The Never-ending Debate – on Everything – Between Contrarians and Mainstream Thinkers
There are always people working to refute popular assumptions about important topics, whatever they may be. These people are writers and students and teachers and others that are, by nature, contrarian. They have the instinct to distrust conventional ideas, and spend what philosophical time they can trying to contradict the conventional with ideas of their own, ideas that are often polar opposites of accepted beliefs.
This happens on both sides of any belief system. When a Communist regime is in power, contrarians promote free markets and Capitalism. In an economy that is largely free, contrarians promote Socialism.
The same is true for all the important social and political ideas – including hierarchy vs. equality, individual freedom vs. government authority, even war vs. peace.
But we are talking now about people that are genuinely engaged by ideas. Most people aren’t seriously interested in ideas at all. Most people treat ideas like clothing. They pick those that correspond to their aesthetic preferences and are appropriate for their budgets.

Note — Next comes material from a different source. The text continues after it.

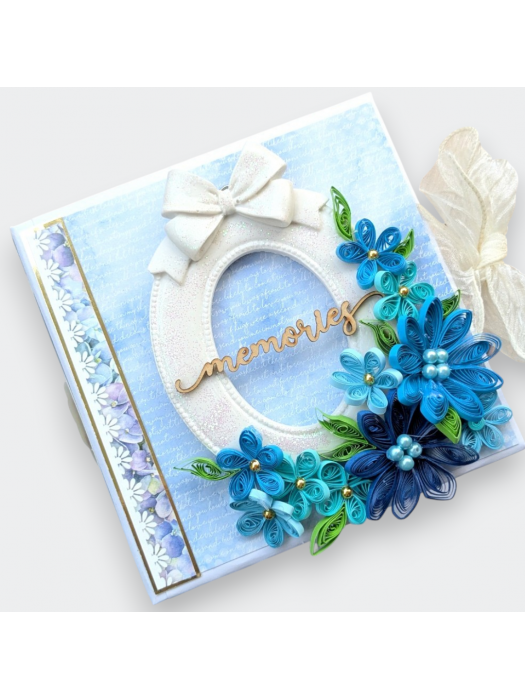 Luxury Blue handmade Scrapbook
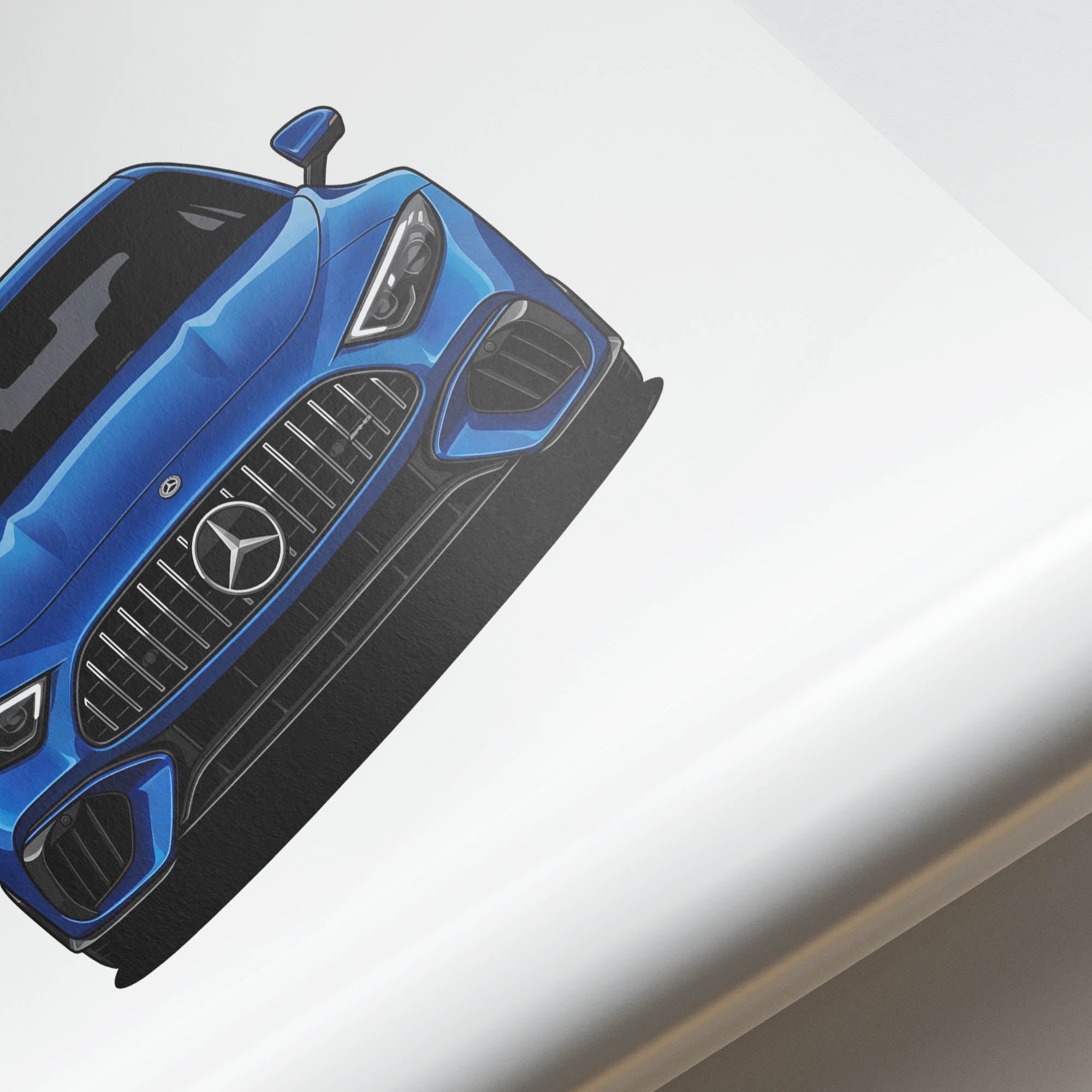 2022 Mercedes Amg Sl 63 R232 Hyper Blue Metallic Front View Poster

And they stick with them until their stylistic preferences and/or their budgets change.
Which is to say that most people don’t think at all. To put it in different words, most people are content with mimicking ideas that make them feel comfortable or justify their lifestyle and behavior. Most disagreements about politics, health, immigration, and religion fall into this category.
I enjoy a philosophical debate as much as anyone. But if a friend or colleague voices an idea that sounds like a well-cut suit, I shy away.

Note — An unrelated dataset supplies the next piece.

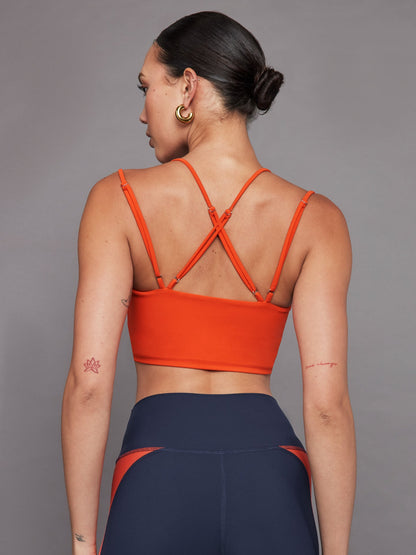 Carbon38 Strappy Bra in Melt - Orange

Sometimes I feel like this is not right. I wonder if I shouldn’t argue the topic anyway – that I shouldn’t dismiss the possibility of a mutually rewarding conversation. Is it my duty to point out where the sleeves are short or the hat doesn’t fit or where the threads are going bare?
And then I tell myself, “No. Don’t bother.”
I will shirk this individual responsibility and trust that there are plenty of contrarians out there that will do the work. That in these discussions of major social, economic, and political issues, there will always a proportion of mainstream thinkers and contrarians, of group-thinkers and individualists. And that although the number of mainstream and group-thinkers will always greatly outnumber the number of contrarians and individualists, the energy of the latter will always rise to the occasion and tilt the conversation towards some sensible truth. At least until the contrarian view is the dominant view. And then the cycle will resume.
I spend most of my time thinking not about how to change the world but how to change myself within the world. I like to think of myself as an individualist and a contrarian, but most of all as a pragmatist. The opposite of a pragmatist is an idealist. And an idealist in action is a zealot. As Joseph Conrad said, “Instead of clearing his own heart, the zealot tries to clear the world.”